I know this is from my code, but as you're anyway touching this line, could you fix this comment? It should be "that non-macro-generated code` instead of that macro generated. Thanks!

lib/Analysis/CloneDetection.cpp
172 ↗(On Diff #110920)

I think this line can be removed now.

174 ↗(On Diff #110920)

what a code clone is -> what a type II code clone is

210 ↗(On Diff #110920)

Should be Type II clones ignore variable names and literals, so let's skip them

arphaman edited edge metadata.Aug 15 2017, 2:47 AM
arphaman added a subscriber: rsmith.

Very well done, I really like this patch! I added a few remarks mostly about the comments that need some small adjusting.

I'm wondering what would be a nice way of creating a StmtDataCollector that is faster but only works for single translation units (e.g. it only hashes the pointer values of decls instead of their qualified name)? The use case here would be Stmt::Profile and the CloneDetector which could be set to a single-TU-mode in the CloneChecker. For Stmt::Profile it would ensure we don't degrade performance from the current version, for the CloneChecker we probably get a reasonable performance boost (as the hashing is currently the last remaining bottle neck).

@arphaman Any suggestions who could review/approve the additions to AST/?

I guess @rsmith, but he's usually busy. I don't think this patch requires some special approval though.

This patch adds support for things like literals and DeclRefExpr and MemberExpr, but they're untested. They should either be added in a follow-up patch or tested with an appropriate unittest in unittests/AST or unittests/Tooling.

johannes updated this revision to Diff 111316.Aug 16 2017, 1:02 AM
johannes edited the summary of this revision. (Show Details)
johannes removed a subscriber: rsmith.
  • fix comments
  • add unittest for the new node kinds
  • make addData() take a const reference
johannes updated this revision to Diff 111317.Aug 16 2017, 1:05 AM
johannes added a subscriber: rsmith.

add

Very well done, I really like this patch! I added a few remarks mostly about the comments that need some small adjusting.

I'm wondering what would be a nice way of creating a StmtDataCollector that is faster but only works for single translation units (e.g. it only hashes the pointer values of decls instead of their qualified name)? The use case here would be Stmt::Profile and the CloneDetector which could be set to a single-TU-mode in the CloneChecker. For Stmt::Profile it would ensure we don't degrade performance from the current version, for the CloneChecker we probably get a reasonable performance boost (as the hashing is currently the last remaining bottle neck).
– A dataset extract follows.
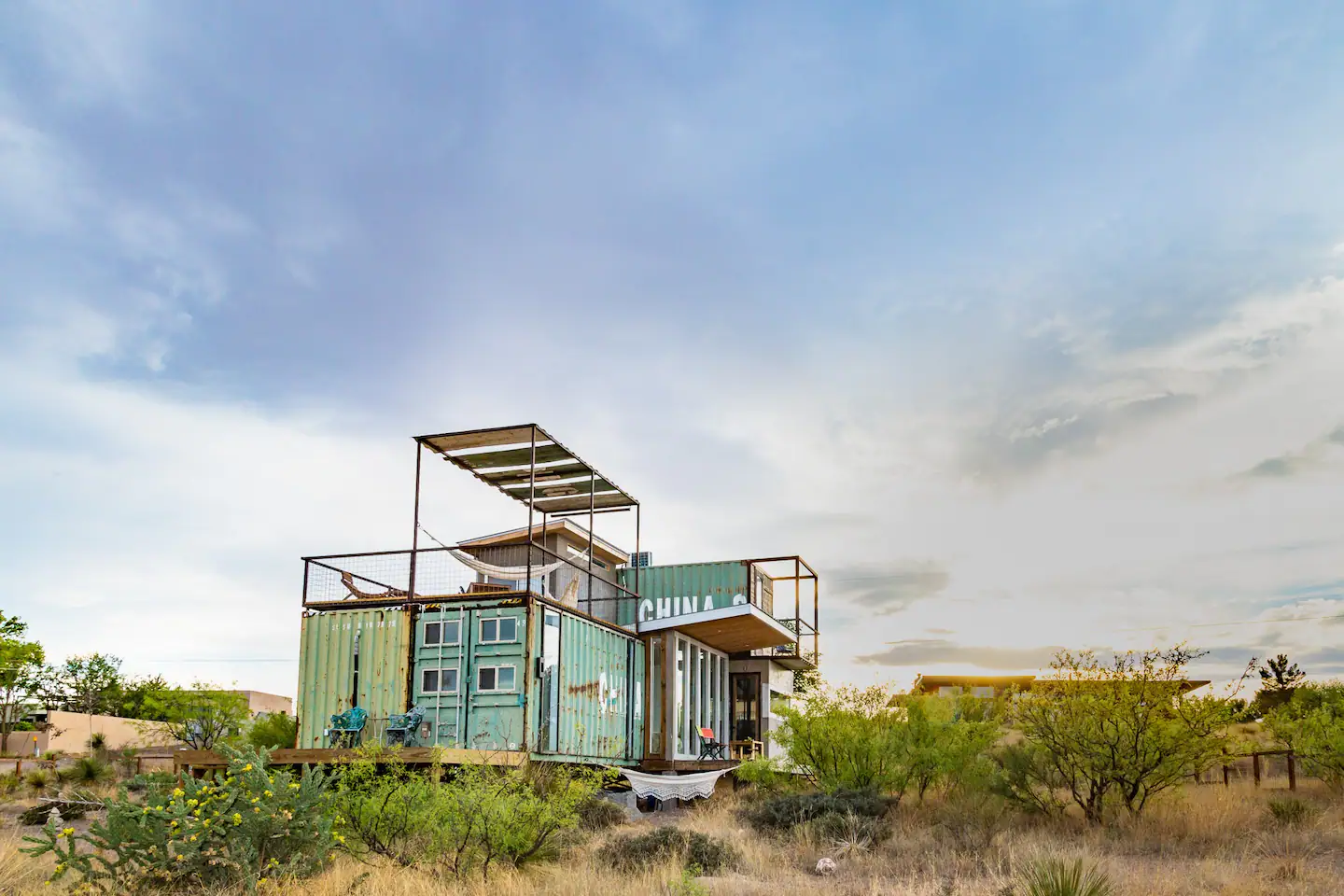 Inspirebox_maisons containers texas_7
@arphaman Any suggestions who could review/approve the additions to AST/?

So we want at least two different modes

  • unstable / hash pointer members
  • stable / follow pointer members

We can do this by using two macros with different names. So we can split DEF_ADD_DATA in something like COLLECT_DATA_STABLE and COLLECT_DATA_UNSTABLE
Both would share the collection of POD members, so it makes sense to use a third macro for this.

So the code in StmtDataCollectors.inc assumes that DataCollection.h has been included, and that there is a addData() function as well as an ASTContext &Context in the current scope.
These things should be documented in DataCollection.h I guess.
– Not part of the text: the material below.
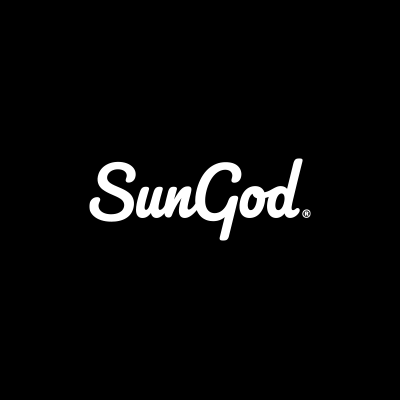 sungod_logo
Since StmtDataCollectors.inc resides in lib I have to use relative paths (so the include directive looks different depending on the current file), we have to live with this, right?
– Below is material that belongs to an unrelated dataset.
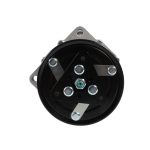 A/C Compressor 12V 1J0820803K for VW Golf Jetta - Image 5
teemperor accepted this revision.Aug 23 2017, 2:01 AM

Sorry for the delay, was on vacation.

Since StmtDataCollectors.inc resides in lib I have to use relative paths (so the include directive looks different depending on the current file), we have to live with this, right?

That's right, but do we want this to be in lib/ ? There users can't access this code to build their own DataCollector (at least when they build against an installed clang version where this inc file doesn't get installed). And if someone uses this file from a clang header by accident we get errors about this missing file with installed clang versions (and I think the build bots don't perform install tests, so it probably breaks silently).

We probably also can't just move it into include/ because *.inc files there break some CMake sanity checks IIRC, so I think the best way forward is to tablegen this file which also makes the StmtDataCollectors.inc file more readable.

These things should be documented in DataCollection.h I guess.

Agreed, could you do that?

I think this can go in with just these documentation changes (especially since its GSoC related and we're in the last week), so please add them and then LGTM. Stable hashes and tablegen can be a follow-up patches.

This revision is now accepted and ready to land.Aug 23 2017, 2:01 AM
This revision was automatically updated to reflect the committed changes.